A postmortem of SentinelML.

I spent most of this year building SentinelML, a credit-card fraud detection system. The model part was the easy part. The model was a RandomForest on 25 features. I trained it, it hit 0.94 ROC-AUC on a held-out set, I wrote a FastAPI wrapper, I shipped it. The hard part was everything after that, and "everything after that" is most of what makes an ML system work.

This is the postmortem I wish I'd had before I started.

The first thing that broke was the data, not the model

Two weeks into production, the model's precision started to drift. False positives went from 4% to 9% over ten days. The model hadn't changed. The data had.

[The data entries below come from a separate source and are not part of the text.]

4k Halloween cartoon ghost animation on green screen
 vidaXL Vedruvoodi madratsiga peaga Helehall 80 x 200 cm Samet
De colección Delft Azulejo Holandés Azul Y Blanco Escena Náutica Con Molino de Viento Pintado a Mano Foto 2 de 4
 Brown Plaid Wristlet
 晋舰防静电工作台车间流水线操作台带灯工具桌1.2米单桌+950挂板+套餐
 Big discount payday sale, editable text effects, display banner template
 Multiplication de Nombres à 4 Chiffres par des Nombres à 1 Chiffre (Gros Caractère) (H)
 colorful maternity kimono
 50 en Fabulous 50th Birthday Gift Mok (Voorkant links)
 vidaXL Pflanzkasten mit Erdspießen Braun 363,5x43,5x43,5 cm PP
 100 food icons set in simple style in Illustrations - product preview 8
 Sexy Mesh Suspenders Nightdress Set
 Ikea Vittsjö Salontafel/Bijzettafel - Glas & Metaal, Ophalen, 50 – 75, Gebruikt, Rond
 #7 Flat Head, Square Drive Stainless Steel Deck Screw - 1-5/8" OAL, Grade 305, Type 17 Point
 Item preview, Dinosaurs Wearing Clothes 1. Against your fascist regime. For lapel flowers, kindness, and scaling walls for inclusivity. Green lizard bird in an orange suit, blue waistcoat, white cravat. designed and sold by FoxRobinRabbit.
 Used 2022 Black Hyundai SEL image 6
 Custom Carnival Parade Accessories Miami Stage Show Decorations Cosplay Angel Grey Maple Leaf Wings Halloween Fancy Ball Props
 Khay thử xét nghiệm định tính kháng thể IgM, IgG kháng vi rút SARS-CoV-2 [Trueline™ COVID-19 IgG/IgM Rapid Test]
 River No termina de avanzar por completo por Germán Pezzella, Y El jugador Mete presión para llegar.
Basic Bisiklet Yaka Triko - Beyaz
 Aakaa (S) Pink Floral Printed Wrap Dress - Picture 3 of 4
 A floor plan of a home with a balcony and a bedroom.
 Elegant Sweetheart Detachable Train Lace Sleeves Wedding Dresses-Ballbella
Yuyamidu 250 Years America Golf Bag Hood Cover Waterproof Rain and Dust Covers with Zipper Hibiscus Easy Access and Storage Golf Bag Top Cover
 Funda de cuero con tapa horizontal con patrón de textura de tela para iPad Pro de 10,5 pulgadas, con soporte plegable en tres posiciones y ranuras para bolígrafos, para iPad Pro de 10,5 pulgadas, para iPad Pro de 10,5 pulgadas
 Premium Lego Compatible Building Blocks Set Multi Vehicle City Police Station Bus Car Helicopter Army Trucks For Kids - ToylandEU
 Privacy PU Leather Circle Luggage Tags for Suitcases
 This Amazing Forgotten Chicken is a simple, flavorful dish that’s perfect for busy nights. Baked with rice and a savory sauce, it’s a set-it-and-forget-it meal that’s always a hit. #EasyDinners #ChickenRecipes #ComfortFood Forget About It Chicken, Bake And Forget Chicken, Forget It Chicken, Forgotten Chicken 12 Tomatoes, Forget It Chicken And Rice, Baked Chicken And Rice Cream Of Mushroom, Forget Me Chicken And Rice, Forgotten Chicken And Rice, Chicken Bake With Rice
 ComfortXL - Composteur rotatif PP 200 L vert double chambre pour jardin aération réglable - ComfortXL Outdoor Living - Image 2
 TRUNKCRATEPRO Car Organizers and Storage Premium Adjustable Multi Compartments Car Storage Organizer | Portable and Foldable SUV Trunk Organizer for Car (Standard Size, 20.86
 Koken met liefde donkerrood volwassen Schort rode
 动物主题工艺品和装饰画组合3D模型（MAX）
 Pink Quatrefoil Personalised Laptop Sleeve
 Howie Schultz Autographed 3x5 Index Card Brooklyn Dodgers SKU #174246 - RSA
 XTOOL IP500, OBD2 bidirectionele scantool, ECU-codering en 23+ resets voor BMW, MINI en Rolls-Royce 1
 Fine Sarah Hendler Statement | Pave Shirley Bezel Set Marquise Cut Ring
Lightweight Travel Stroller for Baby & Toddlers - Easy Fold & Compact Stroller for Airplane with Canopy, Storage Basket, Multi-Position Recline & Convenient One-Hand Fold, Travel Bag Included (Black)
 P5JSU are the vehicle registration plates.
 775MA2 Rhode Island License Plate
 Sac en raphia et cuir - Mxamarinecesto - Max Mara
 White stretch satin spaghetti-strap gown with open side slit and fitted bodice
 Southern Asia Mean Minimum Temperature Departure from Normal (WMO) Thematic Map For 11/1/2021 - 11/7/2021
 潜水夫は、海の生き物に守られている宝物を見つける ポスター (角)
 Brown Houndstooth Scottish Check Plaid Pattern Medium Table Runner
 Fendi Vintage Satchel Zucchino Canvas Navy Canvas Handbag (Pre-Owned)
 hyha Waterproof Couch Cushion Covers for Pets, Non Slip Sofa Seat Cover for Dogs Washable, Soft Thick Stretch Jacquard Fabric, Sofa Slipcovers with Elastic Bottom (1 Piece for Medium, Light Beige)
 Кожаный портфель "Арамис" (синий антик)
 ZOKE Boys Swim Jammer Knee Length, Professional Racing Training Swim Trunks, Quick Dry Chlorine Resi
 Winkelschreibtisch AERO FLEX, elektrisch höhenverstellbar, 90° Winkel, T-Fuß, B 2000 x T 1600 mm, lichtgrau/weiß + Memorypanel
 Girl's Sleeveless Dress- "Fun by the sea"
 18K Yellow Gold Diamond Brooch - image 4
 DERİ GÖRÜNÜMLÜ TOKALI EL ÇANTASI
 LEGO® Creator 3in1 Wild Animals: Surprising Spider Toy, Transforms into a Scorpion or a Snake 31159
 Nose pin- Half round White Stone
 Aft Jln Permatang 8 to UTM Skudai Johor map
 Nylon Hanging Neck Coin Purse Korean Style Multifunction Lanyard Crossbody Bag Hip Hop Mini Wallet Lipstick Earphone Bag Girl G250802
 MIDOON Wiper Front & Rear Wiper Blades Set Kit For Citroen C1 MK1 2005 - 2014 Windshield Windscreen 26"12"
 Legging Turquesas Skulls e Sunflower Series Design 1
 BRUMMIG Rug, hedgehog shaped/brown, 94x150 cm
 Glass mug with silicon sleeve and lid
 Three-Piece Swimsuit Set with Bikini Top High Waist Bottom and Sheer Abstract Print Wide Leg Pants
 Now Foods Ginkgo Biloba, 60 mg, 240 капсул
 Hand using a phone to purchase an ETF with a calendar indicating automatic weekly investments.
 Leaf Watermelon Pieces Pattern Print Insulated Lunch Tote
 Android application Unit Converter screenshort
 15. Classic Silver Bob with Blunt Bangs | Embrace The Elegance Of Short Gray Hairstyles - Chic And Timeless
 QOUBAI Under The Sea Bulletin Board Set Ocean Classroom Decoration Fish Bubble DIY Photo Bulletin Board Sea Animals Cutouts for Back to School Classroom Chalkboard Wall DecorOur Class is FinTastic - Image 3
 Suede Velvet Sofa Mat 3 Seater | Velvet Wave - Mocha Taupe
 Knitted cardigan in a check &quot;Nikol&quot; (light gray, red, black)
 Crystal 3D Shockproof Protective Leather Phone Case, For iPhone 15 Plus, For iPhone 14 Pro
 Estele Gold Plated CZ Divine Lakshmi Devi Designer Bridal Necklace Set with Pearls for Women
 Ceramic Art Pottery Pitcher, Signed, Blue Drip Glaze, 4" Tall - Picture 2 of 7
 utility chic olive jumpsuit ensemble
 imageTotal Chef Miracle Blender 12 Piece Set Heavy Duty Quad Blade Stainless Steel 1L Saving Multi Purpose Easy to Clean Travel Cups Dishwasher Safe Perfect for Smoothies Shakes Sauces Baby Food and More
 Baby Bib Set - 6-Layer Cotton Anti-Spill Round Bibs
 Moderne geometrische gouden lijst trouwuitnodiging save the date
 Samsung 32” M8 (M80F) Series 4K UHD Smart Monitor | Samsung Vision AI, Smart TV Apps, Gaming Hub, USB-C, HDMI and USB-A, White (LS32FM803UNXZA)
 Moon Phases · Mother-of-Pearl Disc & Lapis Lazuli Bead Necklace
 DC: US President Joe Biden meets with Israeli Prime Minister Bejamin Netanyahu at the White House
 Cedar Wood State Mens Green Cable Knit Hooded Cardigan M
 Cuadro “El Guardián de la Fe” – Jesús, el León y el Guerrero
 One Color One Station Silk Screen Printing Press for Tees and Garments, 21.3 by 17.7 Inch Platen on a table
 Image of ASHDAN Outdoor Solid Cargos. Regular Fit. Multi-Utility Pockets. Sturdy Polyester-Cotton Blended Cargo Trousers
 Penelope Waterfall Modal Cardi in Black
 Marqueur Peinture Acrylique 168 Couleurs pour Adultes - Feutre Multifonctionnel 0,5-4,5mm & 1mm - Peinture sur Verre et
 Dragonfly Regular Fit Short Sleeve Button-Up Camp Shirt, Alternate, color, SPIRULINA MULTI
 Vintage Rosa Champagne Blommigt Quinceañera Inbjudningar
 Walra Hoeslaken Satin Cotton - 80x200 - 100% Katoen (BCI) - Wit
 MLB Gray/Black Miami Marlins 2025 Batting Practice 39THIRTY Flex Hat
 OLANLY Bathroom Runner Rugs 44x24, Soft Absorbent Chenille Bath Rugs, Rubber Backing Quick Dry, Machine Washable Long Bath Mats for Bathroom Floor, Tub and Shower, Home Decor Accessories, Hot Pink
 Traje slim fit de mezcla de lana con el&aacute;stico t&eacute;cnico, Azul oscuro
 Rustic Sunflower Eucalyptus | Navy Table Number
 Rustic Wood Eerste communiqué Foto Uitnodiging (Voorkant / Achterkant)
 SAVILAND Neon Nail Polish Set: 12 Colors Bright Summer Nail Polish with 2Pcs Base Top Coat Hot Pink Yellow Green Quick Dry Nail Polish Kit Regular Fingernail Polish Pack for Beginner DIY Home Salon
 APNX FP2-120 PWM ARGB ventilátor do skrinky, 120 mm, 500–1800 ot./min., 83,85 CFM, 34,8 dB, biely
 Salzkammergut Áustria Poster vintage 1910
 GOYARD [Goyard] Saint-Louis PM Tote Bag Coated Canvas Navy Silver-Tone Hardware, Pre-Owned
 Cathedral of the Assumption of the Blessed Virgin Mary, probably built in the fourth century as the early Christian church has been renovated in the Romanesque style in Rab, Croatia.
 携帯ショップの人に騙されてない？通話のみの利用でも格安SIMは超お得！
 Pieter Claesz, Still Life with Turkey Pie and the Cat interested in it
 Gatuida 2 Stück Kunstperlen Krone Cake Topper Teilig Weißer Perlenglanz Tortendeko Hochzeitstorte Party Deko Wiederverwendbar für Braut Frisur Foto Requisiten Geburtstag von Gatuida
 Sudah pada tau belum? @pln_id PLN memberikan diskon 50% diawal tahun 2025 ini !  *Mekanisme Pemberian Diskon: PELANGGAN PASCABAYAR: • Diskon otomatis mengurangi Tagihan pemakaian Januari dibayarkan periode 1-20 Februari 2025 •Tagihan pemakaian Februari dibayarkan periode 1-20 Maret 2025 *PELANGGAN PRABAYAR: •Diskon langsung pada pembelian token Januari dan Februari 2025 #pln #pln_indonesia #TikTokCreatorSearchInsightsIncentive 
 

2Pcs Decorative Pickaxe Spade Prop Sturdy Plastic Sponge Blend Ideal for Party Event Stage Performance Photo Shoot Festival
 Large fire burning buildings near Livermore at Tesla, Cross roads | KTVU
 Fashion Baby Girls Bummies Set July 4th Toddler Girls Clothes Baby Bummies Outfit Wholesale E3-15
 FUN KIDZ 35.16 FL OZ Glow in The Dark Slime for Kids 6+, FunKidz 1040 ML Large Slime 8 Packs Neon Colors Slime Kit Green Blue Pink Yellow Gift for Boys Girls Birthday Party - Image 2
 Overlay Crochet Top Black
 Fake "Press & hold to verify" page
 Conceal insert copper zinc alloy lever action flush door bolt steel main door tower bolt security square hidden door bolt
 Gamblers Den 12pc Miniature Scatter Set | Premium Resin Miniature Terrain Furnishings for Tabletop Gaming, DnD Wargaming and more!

What I learned: data drift is the default. Not a thing that might happen. A thing that is happening, all the time, invisibly. If you don't have a system to detect it, you will be the last person to know.

I added PSI (population stability index) on the top ten features and a KS test on the rest. Alert when PSI > 0.2 on any single feature. The numbers turned out to be tractable to interpret and easy to wire up. I should have done this before deploying.

The second thing that broke was me

I retrained the model manually when drift crossed the threshold. That worked for about a month, then I missed a week. There was no alert. The model was making bad calls. I didn't know because I wasn't looking.

The fix was obvious in retrospect: schedule the retrain, not the person. I wrote a job that runs weekly, retrains on the last 60 days of data, and only ships the new model if it beats the old one on a fresh holdout. The whole thing is about 80 lines. I had avoided writing it because it felt like infrastructure work, and I wanted to be doing model work.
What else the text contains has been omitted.